### Task prompt
Could the lines from the top of the material to the line that contains "BETSEY JOHNSON Crystal" be retyped exactly, both included and pictures omitted?

### Records to use
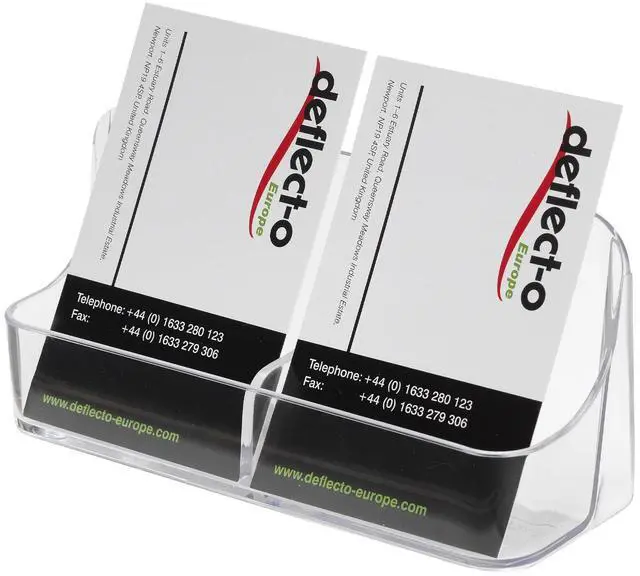 Main image of Deflecto | Clear Acrylic 2 Pocket Desktop Business Card Holder | Landscape Business Card Display for Home, Business & Exhibition | Up to 100 Cards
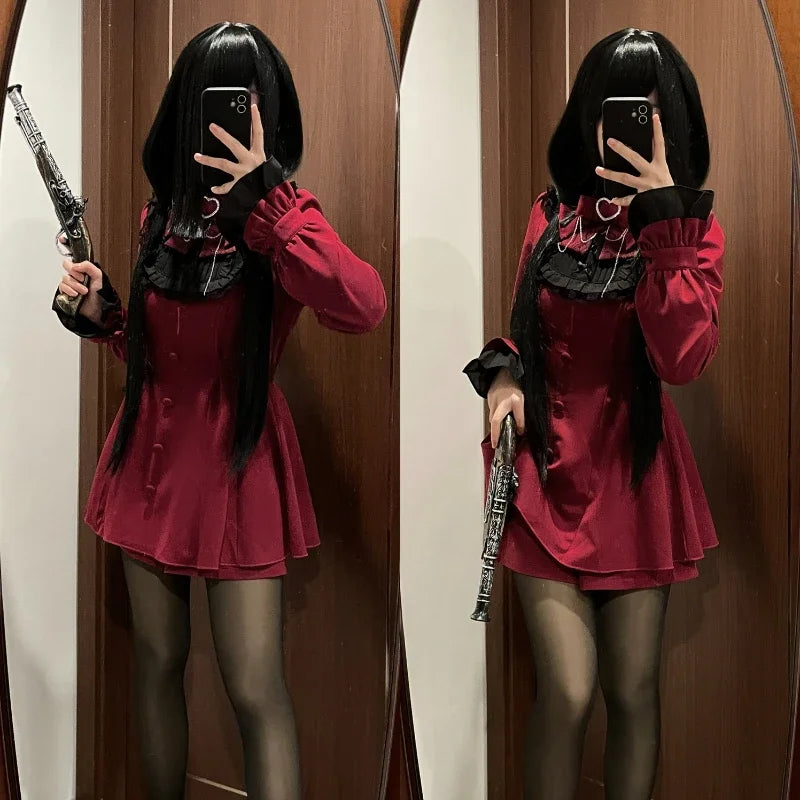 Japanese Punk Style Y2k Lolita OP Dress Women Vintage Elegant Ruffle Bow Lace Evening Party Dresses Female High Waist Slim Dress Aiertu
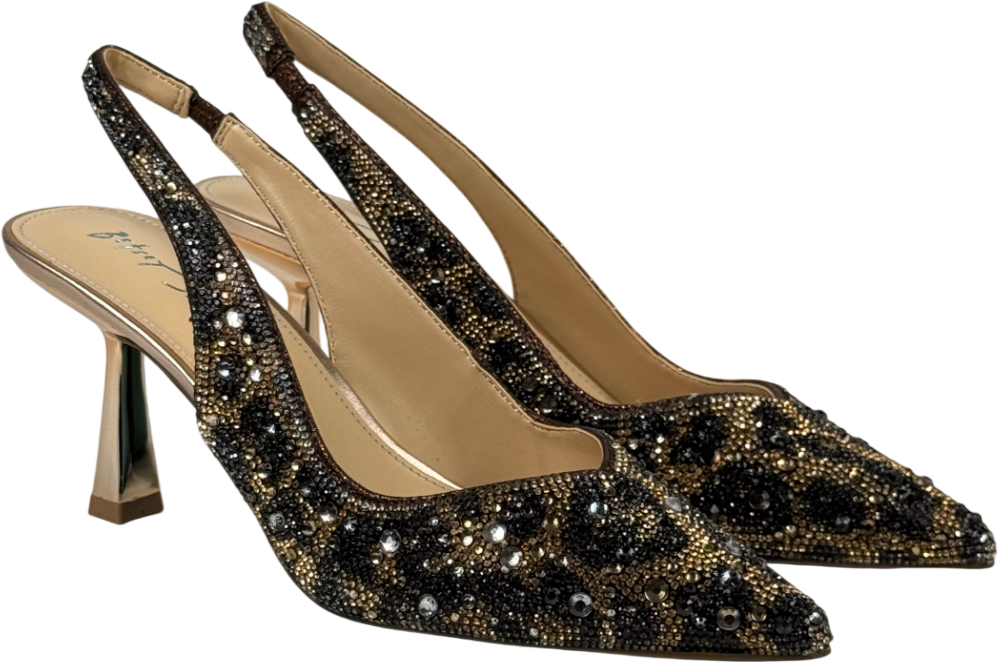 BETSEY JOHNSON Crystal Embellished Sling Back Clark Shoes Nude Leopard Us8.5 UK 6 EU 39 👠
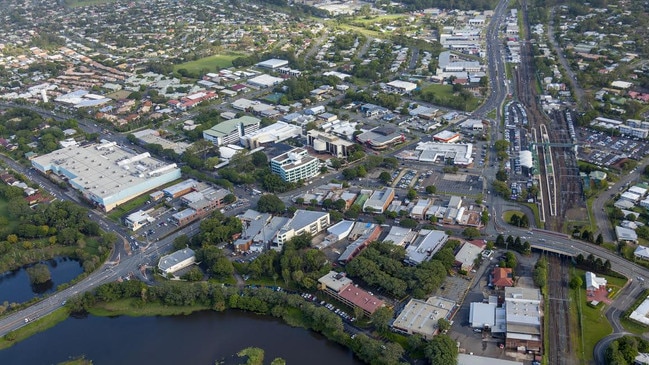 Caboolture CBD from the air.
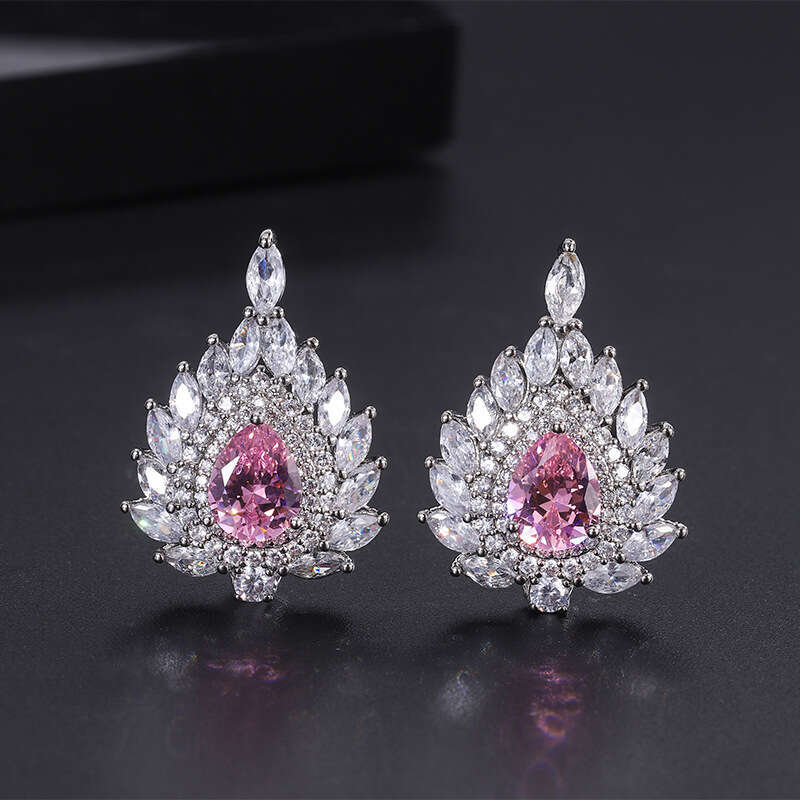 S Sier Needle Trendy Imitation Jewelry Accessories Set High-End Pink Dia Earrings Ring Pendant For Women 590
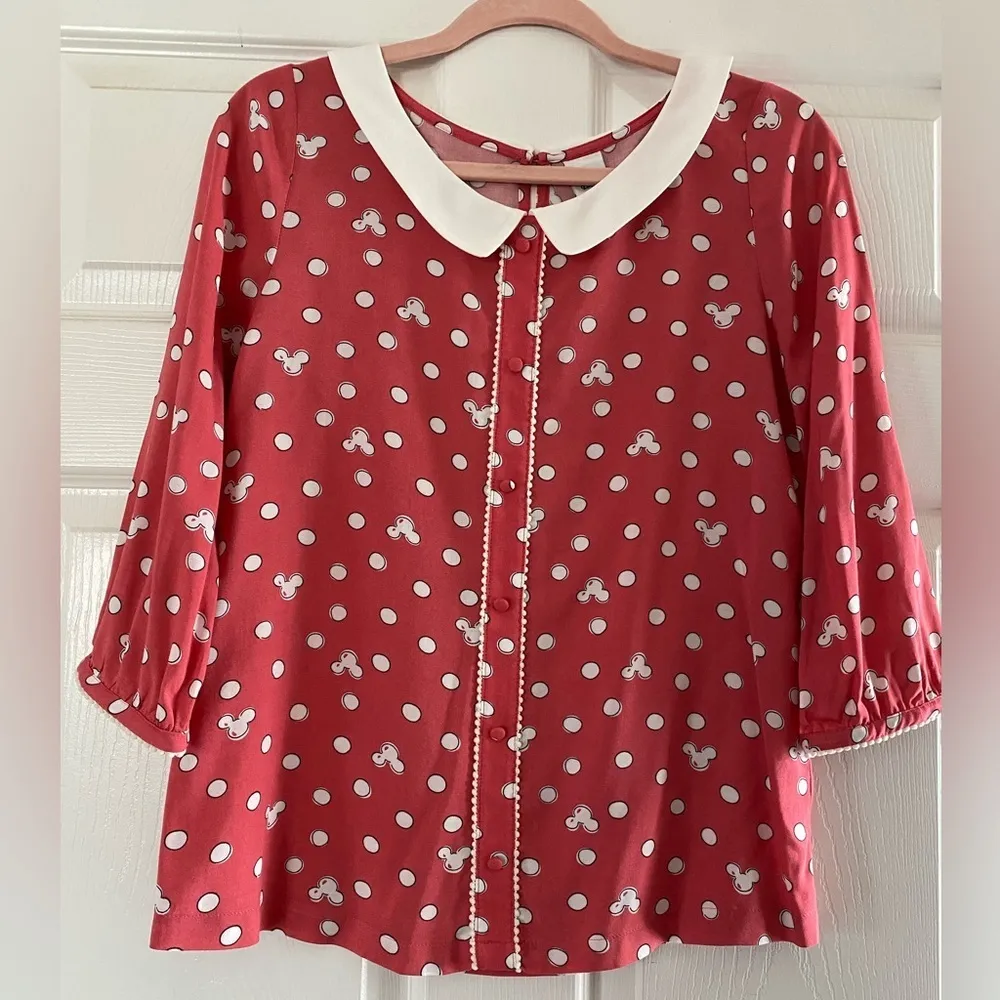 Disney’s Minnie Rocks The Dots LC Lauren Conrad Collard Blouse Top Pink Size XS - Image 2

### Answer to the exercise
 Main image of Deflecto | Clear Acrylic 2 Pocket Desktop Business Card Holder | Landscape Business Card Display for Home, Business & Exhibition | Up to 100 Cards
 Japanese Punk Style Y2k Lolita OP Dress Women Vintage Elegant Ruffle Bow Lace Evening Party Dresses Female High Waist Slim Dress Aiertu
 BETSEY JOHNSON Crystal Embellished Sling Back Clark Shoes Nude Leopard Us8.5 UK 6 EU 39 👠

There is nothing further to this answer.